WHAT YOU ARE ASKED TO DO: In the copy of the lines below, leave out pictures and print everything else exactly.

DATA:
——
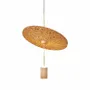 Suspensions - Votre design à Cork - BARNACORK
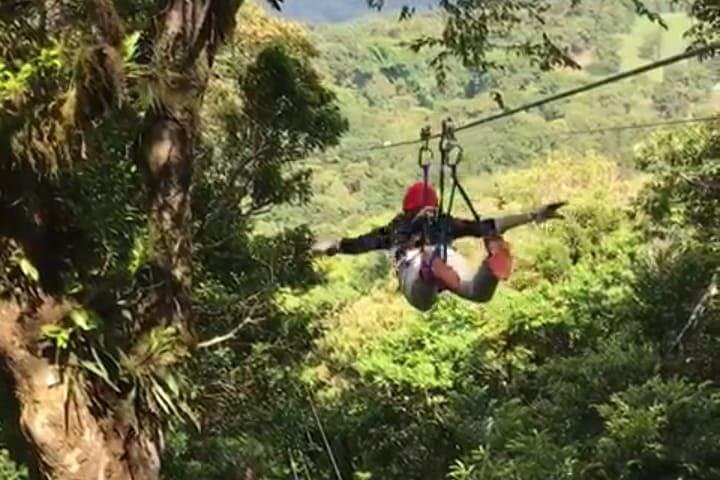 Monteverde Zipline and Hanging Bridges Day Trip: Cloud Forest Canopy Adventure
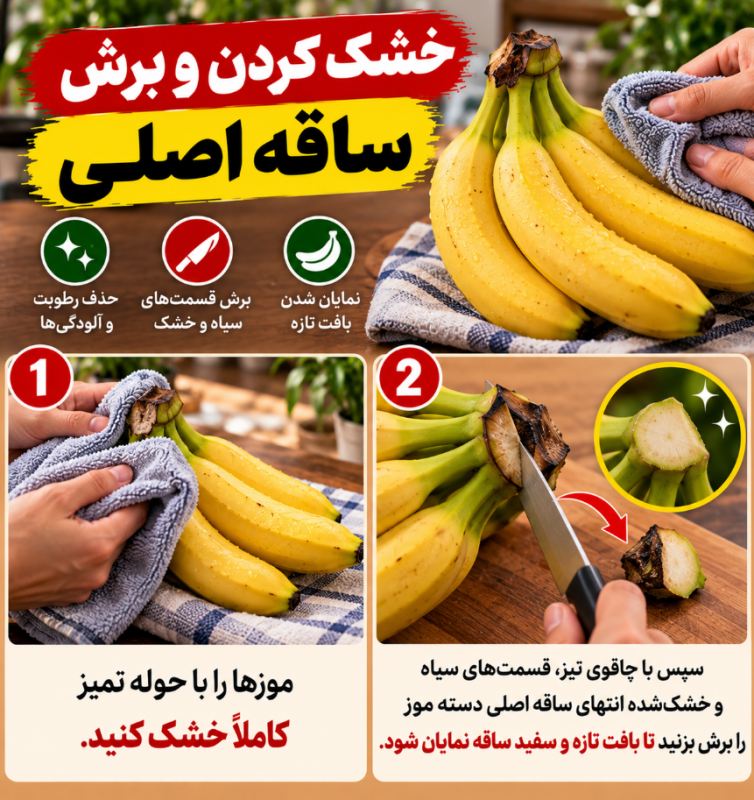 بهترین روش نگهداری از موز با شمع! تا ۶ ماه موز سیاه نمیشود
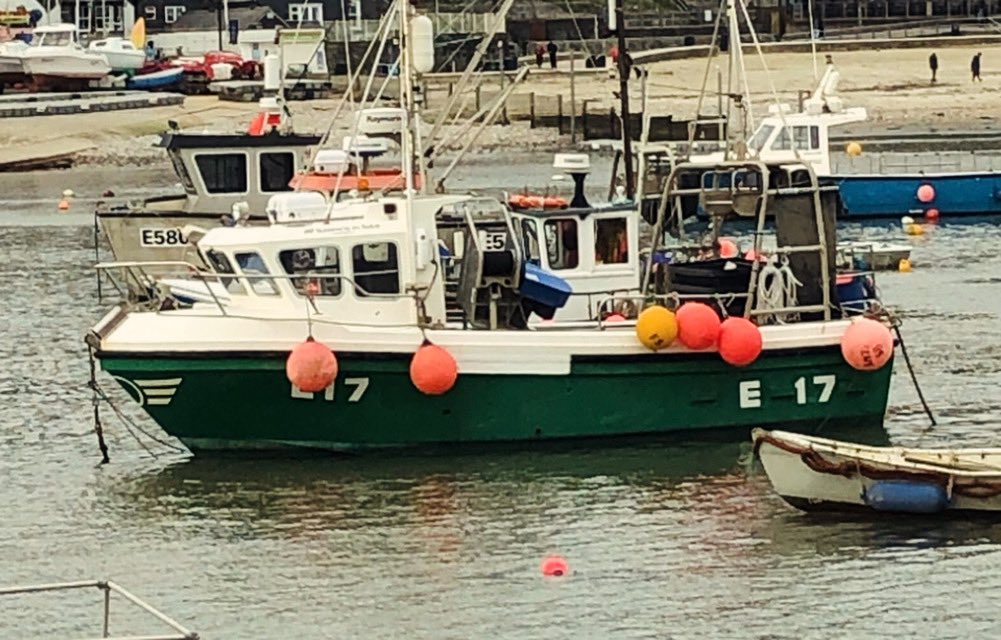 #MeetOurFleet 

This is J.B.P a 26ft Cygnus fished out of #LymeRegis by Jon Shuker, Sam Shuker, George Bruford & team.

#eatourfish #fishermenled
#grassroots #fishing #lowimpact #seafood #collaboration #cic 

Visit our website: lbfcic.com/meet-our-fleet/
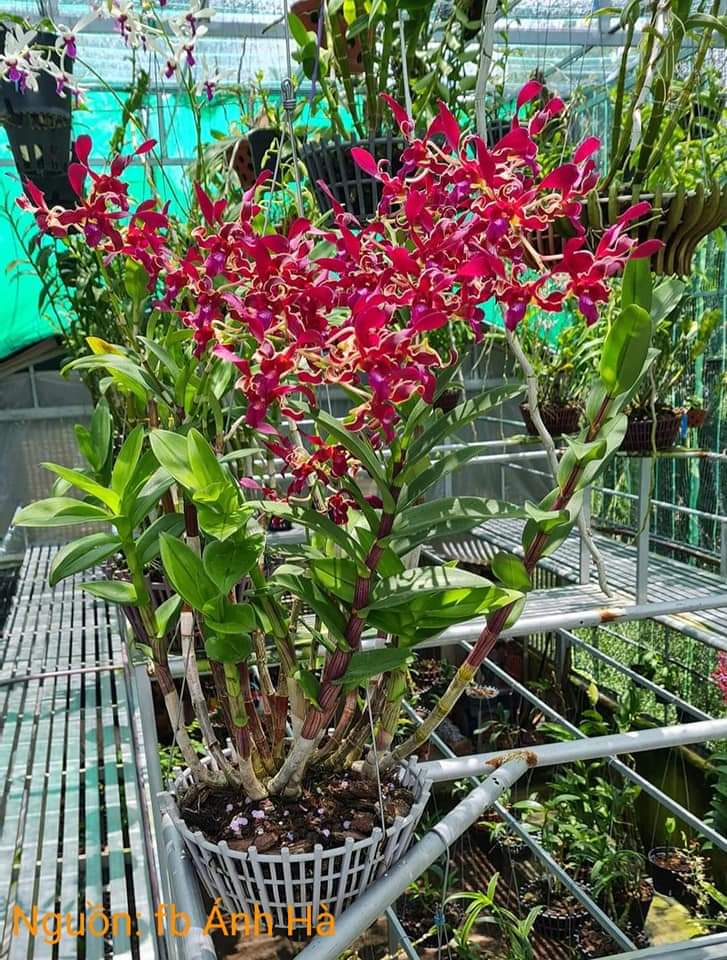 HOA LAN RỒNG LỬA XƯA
——
EXERCISE SOLUTION:
 Suspensions - Votre design à Cork - BARNACORK
 Monteverde Zipline and Hanging Bridges Day Trip: Cloud Forest Canopy Adventure
 بهترین روش نگهداری از موز با شمع! تا ۶ ماه موز سیاه نمیشود
 #MeetOurFleet 

This is J.B.P a 26ft Cygnus fished out of #LymeRegis by Jon Shuker, Sam Shuker, George Bruford & team.

#eatourfish #fishermenled
#grassroots #fishing #lowimpact #seafood #collaboration #cic 

Visit our website: lbfcic.com/meet-our-fleet/
 HOA LAN RỒNG LỬA XƯA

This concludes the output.